A Detailed Guide to Audio Production (2020)

Chudhryhmax
3 min readJan 7, 2021

What is audio production? Behind every recording, there are thousands of puzzle pieces that need to be put together to paint our aural picture. As a listener, you expect to press play and hear a tune. There are hundreds of hours of audio production that lead up to the very second that the first sound wave hits your ear. From tuning the instruments or setting up foley pits to the mic selection and scratch testing, and eventually to mastering for playback, there’s a lot that goes into making an audio production that results in a great recording.

An “audio production” is more commonly found in the Music Production and Film & TV (Post Production) categories, where the end result of our recording is a tangible, deliverable product.

When talking about music production, we can think of late nights in the studio, long hours trying to get that perfect sound. That, however, is the shorter part of the overall production. The next step, where we massage the mix with the help of compressors, EQ, and automation can be a very involved process.

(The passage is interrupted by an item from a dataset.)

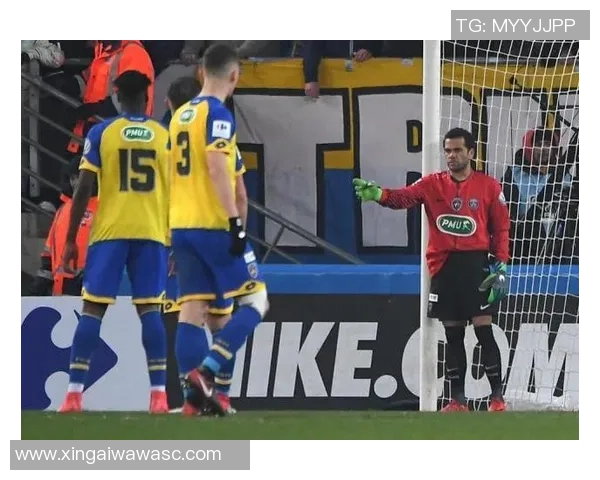 凯恩赛后幽默发言引爆全场笑声 直言足球场上比不上家里的厨房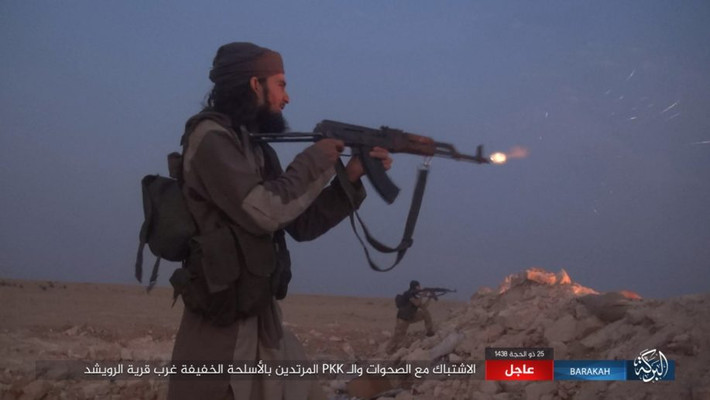 “Tổ chức khủng bố IS đã đột kích lực lượng SDF trên đoạn đường từ Hasakah tới Deir Ezzor nhằm cắt đứt tuyến tiếp vận của người Kurd”, nguồn tin cho hay. Ảnh: AMN.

These are the six stages in the world of sound production; we’ll discuss them below. I should point out that these stages often overlap — songwriting tweaks, arrangement changes, and basic audio editing may happen during the recording stage. So each stage is not totally separate from the one before and after it, but this is the general workflow you’ll find yourself in.

Songwriting

There are many ways to write a song, but one thing I can tell you is that production can’t fix a bad song. Each of the following stages depends on a strong song as their foundation. No matter how many cool samples you add and no matter how much autotune you use, the song can only be as good as its foundation.

Arranging

You can actually do a good portion of the arranging during the songwriting process — at least that’s where it starts. Part of songwriting is how the song is structured, and structure is part of arranging.

Recording

This is when you take that dope song and its solid arrangement and bring it to life. This is when you put mic to voice, cable in guitar, and virtual instruments into the song.

Editing

Editing and recording overlap a lot. Right after you record, you’re often editing the tracks just enough so you can continue recording.

Mixing

This is where many Audio Producers have their fun. This is the stage where you take a dry track and make it sound vibrant and professional.

Mixing is when you make all the instruments sound good together using things like EQ, compression, reverb, delay, and a bunch of other audio plugins.

Mastering

And finally, the dark magic mystery called mastering. Well, to most of us it’s a mystery, but to Mastering Engineers, it’s second nature.